# Too many oats?



## Riddar (Dec 20, 2011)

Just a quick question, does it matter if I consume a load of oats?

Reason being, I have oats in the morning and before bed. I also have them in my shakes. Is there any science behind why I should not have so much of one type of food or doesn't it matter?
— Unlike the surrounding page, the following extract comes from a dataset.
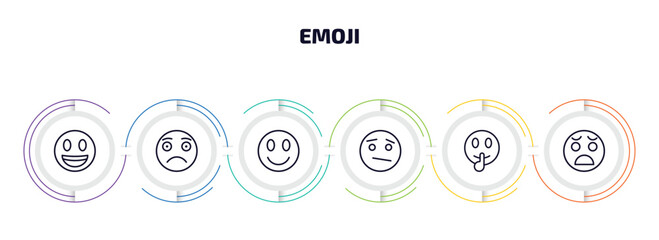 emoji infographic element with outline icons and 6 step or option. emoji icons such as excited emoji, slightly frowning confused shushing anguished vector.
That's all really, appreciate your replies.


----------



## Dux (Nov 29, 2011)

Depends what you're aiming for!

If you're trying to put on size and aren't particularly carb sensitive, eat away, it's only 2 portions.


----------



## jed (Nov 30, 2011)

so long as you are eating the right quantities of everything else eat all of the oats you want


----------



## THE COLONEL (Mar 25, 2009)

Doesn't really matter mate don't analyse everything eat well,sleep,train hard n you will grow


----------



## Sharp161 (Jan 31, 2010)

I love my oats not unusual for me to have em 3 x a day as they are quick and easy if I'm at home. Aslong as they fit your macros


----------



## Riddar (Dec 20, 2011)

Cheers for the quick and helpful replies all. Much appreciated. I'm basically just trying to put some meat on my bones, just wanted to make sure I wasn't going about it the wrong way. Thanks again!


----------



## jed (Nov 30, 2011)

eat like a horse, train like a demon, sleep like the dead and you'll soon get some meat on those bones


----------



## powerhouseh (Jun 16, 2011)

I love my Oats but it gives me the sh!ts if i have them in the morning...


----------



## Milky (Nov 30, 2008)

I wish l could add them to my shakes but the consistency of them makes me heave..


----------



## 065744 (May 13, 2008)

Milky said:


> I wish l could add them to my shakes but the consistency of them makes me heave..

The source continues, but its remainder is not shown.